Farouche adversaire de Delacroix, mais en révolte contre son maître David, Ingres était classique en ceci que l'accidentel ne l'intéressait pas. Il se préoccupait de ce qui, échappant au temps, prend la grandeur immuable des beautés éternelles. Durant toute son existence, il s'acharna à concilier ces deux inconciliables, la vie éphémère et sa représentation idéale soustraite à la durée. On le vit bien dans cette exposition, qui, pour certains, fut peut-être une leçon, un exemple de probité, en tout cas.

Théodore Rousseau
(musée du Louvre, Paris, 29 novembre 1967-12 février 1968)

Le public a injustement boudé cette belle exposition d'un peintre qui, au cours des cinquante-cinq ans de son existence, se voua au paysage.

Mais cette sorte d'injustice, Rousseau la connut de son vivant. Mis à part quelques années, il se débattit dans d'interminables difficultés d'argent ; il se vit maintes fois refusé au Salon, ce qui le décida, aux environs de sa trente-cinquième année, à se retirer près de la forêt de Fontainebleau, où il se lia, un peu plus tard, avec Millet. Chef de file de cette école dite de Barbizon, qui joua un rôle important dans l'évolution de la peinture au xixe s., Théodore Rousseau, influencé sans doute par l'esprit du romantisme, mais surtout amoureux fervent de la nature et audacieux dans ses conceptions picturales, multiplia les études de la lumière, précurseur des impressionnistes.

Ses toiles, souvent trop travaillées, trop empâtées, vieillirent parfois mal, s'assombrissant.

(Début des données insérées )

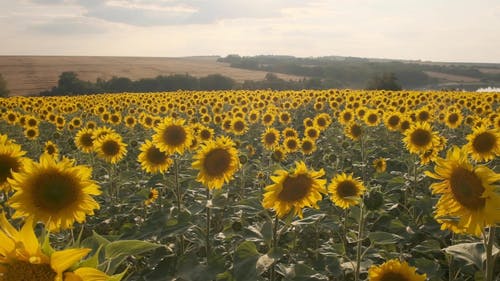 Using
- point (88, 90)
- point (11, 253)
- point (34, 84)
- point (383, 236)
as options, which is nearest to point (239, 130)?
point (383, 236)

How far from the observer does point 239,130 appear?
10180mm

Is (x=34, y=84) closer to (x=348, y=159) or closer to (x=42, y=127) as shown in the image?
(x=42, y=127)

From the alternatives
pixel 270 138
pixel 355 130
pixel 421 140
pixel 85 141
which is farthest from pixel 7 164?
pixel 355 130

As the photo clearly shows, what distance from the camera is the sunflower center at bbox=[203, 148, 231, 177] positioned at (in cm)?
434

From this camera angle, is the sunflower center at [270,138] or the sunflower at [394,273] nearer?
the sunflower at [394,273]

Mais dans cette rétrospective, on découvrait un peintre épris de couleur, dont le réalisme est celui d'un poète, d'un grand paysagiste.

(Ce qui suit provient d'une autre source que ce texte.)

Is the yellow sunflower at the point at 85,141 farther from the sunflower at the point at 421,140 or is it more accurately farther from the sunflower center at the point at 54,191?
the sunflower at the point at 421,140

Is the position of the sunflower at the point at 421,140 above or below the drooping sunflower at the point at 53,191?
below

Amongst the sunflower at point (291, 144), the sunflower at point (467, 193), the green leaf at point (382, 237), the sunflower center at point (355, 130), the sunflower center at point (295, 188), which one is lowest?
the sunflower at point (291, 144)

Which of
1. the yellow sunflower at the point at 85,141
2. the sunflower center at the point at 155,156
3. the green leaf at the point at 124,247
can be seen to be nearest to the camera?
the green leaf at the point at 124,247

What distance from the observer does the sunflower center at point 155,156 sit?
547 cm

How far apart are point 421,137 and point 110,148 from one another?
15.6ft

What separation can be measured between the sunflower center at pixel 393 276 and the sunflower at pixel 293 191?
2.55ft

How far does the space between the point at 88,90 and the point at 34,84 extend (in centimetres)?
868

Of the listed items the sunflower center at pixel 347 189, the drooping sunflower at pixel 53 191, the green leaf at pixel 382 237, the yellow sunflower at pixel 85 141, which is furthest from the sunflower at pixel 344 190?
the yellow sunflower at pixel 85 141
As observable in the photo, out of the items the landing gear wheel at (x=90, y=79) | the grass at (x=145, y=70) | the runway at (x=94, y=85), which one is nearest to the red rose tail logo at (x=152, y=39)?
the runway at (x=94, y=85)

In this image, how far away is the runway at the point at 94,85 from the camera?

Vingt ans d'acquisitions du musée du Louvre
(16 décembre 1967-15 mars 1968)

Un prodigieux rassemblement d'œuvres d'art, parmi lesquelles se rencontraient maints chefs-d'œuvre, cette exposition importante n'attira, en fait, que peu de visiteurs.

Le Louvre n'avait pas montré ses acquisitions depuis 1945.

Vingt années se sont écoulées depuis, et chacun des départements du musée a continué de s'enrichir. La difficulté, pour les conservateurs en chef et pour André Parrot, commissaire général de l'exposition, fut le choix. Une sélection sévère joua en faveur d'une exceptionnelle qualité, que rehaussait une admirable présentation.

Le visiteur trouvait là comme une sorte d'échantillonnage de tout l'art du monde, depuis ses origines jusqu'aux impressionnistes compris, de l'Égypte ancienne à la Grèce, de Sumer à la Hollande, du Luristan à la Sienne de Sassetta, sculptures, peintures, objets d'art, tapisseries, dessins, meubles. Sans doute, la plupart de ces pièces se trouvent déjà dans les collections du musée, exposées aux regards des visiteurs. Pas toutes pourtant ; on pouvait faire des découvertes. C'est que certains des dons sont assortis de la clause d'usufruit, le donateur gardant l'œuvre jusqu'à sa mort.

Severini
(musée national d'Art moderne, Paris, 6 juillet - 8 octobre 1967)

Ami de Boccioni, de Balla, lié aux cubistes, signataire du premier manifeste futuriste, Gino Severini fut l'un des initiateurs de l'exposition des futuristes à Paris, en 1912. La toile qu'il y montrait, la Danse du panpan au Monico, et quelques autres de cette époque ont été cette fois encore la partie la plus intéressante de cette rétrospective. Severini tentait alors la synthèse difficile de deux tendances opposées, celle du cubisme, essentiellement statique, et celle du futurisme, voué à la traduction du mouvement.